Fostering critical thinking in highly disciplined & structured schools

I think I may lean towards a socialistic view and therefore am a strong advocate of public schools and teaching every child equally.  To be fair I have only experienced one private school but that led me to write the following short inquiry/essay and I am still struggling to find the answers!

Is it possible to foster critical thinking skills in students in a highly disciplined and explicitly structured school culture?

There are many advantages for teachers, students and parents when a school’s culture is structured on highly disciplined rules and expectations.  Yet, is this culture negatively impacting the potential for an increase in student’s critical thinking skills?  Critical thinking education which has been defined, explored and promoted by educational philosophers such as Giroux (1988), Freire (1997) and Dewey (1966) is greatly influenced by the idea that education should focus on creating a democratic citizen capable of viewing the current state of society, identifying problems and then influencing transformational change in society.  Critical thinking should be a major aim of education to allow for learning that can “…be used to expand the public good and promote democratic social change” (Giroux, 2007).  It could be argued that these critical theorists are utopian and unrealistic but I subscribe to the idea that “Without a vision for tomorrow, hope is impossible” (Freire, 1997, p. 45).

I believe the aim of education should be to create an environment that promotes a democratic community for social interaction that allows students to question society’s views and values.  For learners to become democratic citizens capable of questioning norms and possibly transform society, they require the ability to think critically.  In my view, critical thinking is imperative; it is required before a person is capable of identifying a problem in society and ultimately affecting change by their actions.

So, is critical thinking occurring in schools that follow a culture based on a highly structured discipline?   To maintain such a culture within a whole school often requires that there are set routines, expectations and strict consequences for students and teachers who do not follow the rules.  This leads to a continual focus on control and how to maintain this control.  The advantage of this controlling nature within a school environment is likely to result in higher educational gains and less room for negative student behaviour such as bullying and poor performance.  This type of control however, often requires a Skinner-type technique to control student (and teacher) behaviour which may results in a reward driven individual that destroys “…the notion of the self, individual responsibility, and self-reliance” (Ozman & Craver, 2008, p. 214).  A controlling environment, specifically a controlling teacher, may not be able to foster a caring relationship between teacher and student.  Kohn (1993) argues that teachers that are constantly controlling student’s behaviours by using behaviour modification and rule enforcement are unable to foster a caring relationship.  A truly caring relationship between teachers and learners, based on an “ethics of care” (Noddings, 2005), is required for a critical and democratic classroom to exist.

How can a controlling school culture, with all its inherent benefits for students and their parents, avoid the potential of their controlling nature to negatively impact the freedom that is arguably required to foster critical thinking in our future citizens?  Is this possible?  Are highly disciplined schools and critical thinking mutually exclusive?  Are the benefits of a controlling school culture at odds with the idea of creating critically thinking citizens?  Is the key to successfully fostering critical thinking in students at such schools to have teachers that focus on creating democratic classrooms with an underlying educational philosophy that includes an ethics of care?  Can a classroom be truly democratic in such a school environment?

Dewey, J. (1966).
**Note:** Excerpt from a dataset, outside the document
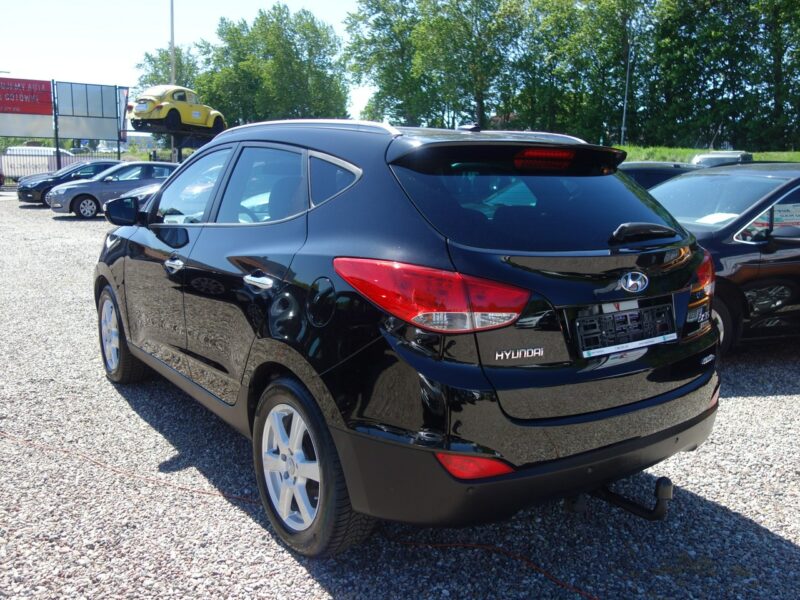 Hyundai ix35 Hyundai IX35 2013 2.0 diesel 184km 4x4 skóry automat navi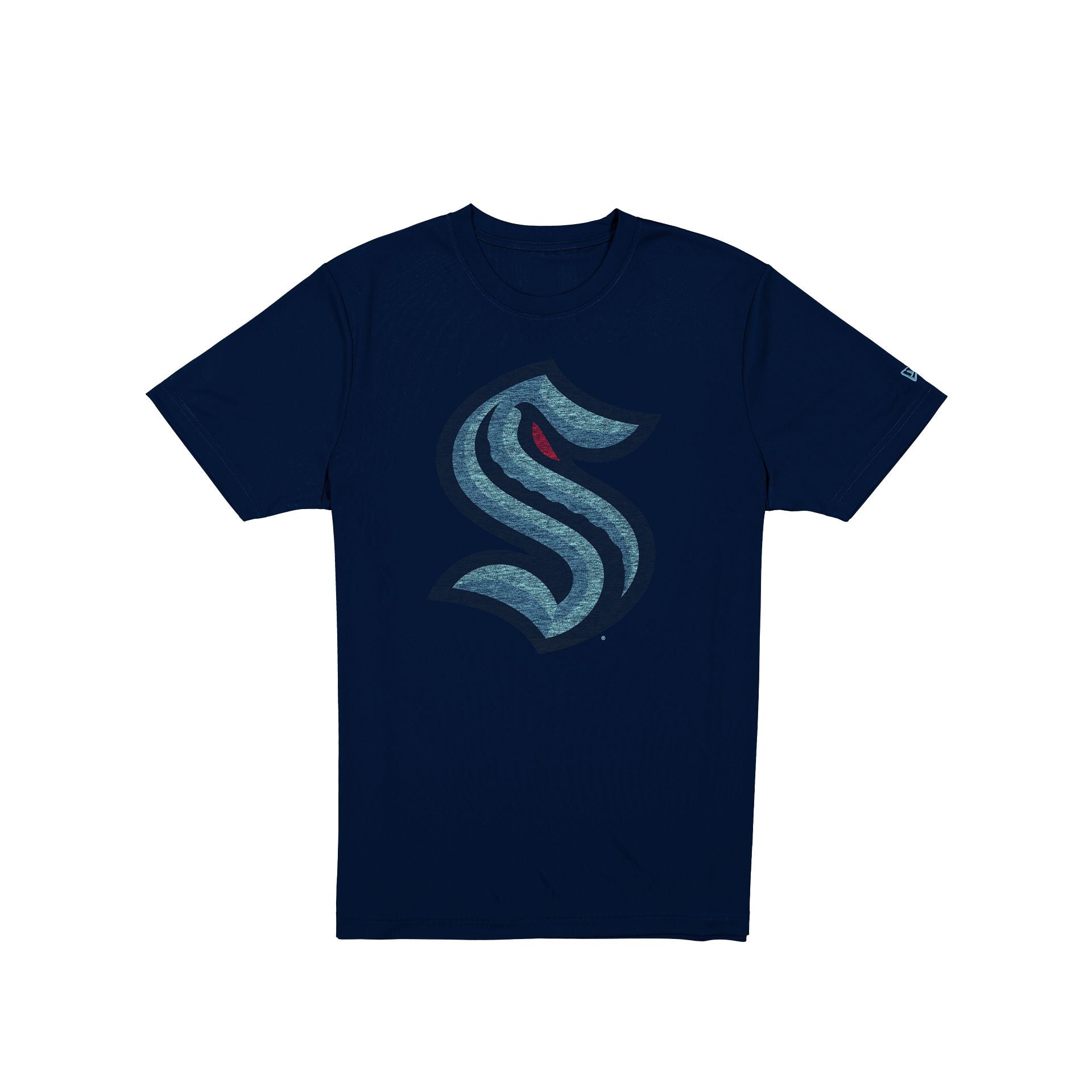 Seattle Kraken Wash Logo Short-Sleeve T-Shirt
Democracy and education: an introduction to the philosophy of education. New York: Free Press.

Freire, P. (1997). Pedagogy of the heart. New York: Continuum

Giroux, H. A.. (1988). Teachers as intellectuals: toward a critical pedagogy of learning. Granby, Mass.: Bergin & Garvey.

Giroux, H. (2007). Youth and the politics of disposability: resisting the assault on education and American youth.  Retrieved on May 20, 2011, from http://www.stateofnature.org/youthAndThePolitics.html

Kohn, A. (1993). Punished by rewards: the trouble with gold stars, incentive plans, A’s, praise, and other bribes. Boston: Houghton Mifflin Co.

Noddings, N. (2005). Caring in education. Retrieved May 20, 2011, from http://www.infed.org/biblio/noddings_caring_in_education.htm

Ozman, H., & Craver, S. (2008). Philosophical aspects of behaviorism. In Philosophical foundations of education (8th ed.). Upper Saddle River, NJ: Pearson Education, Inc.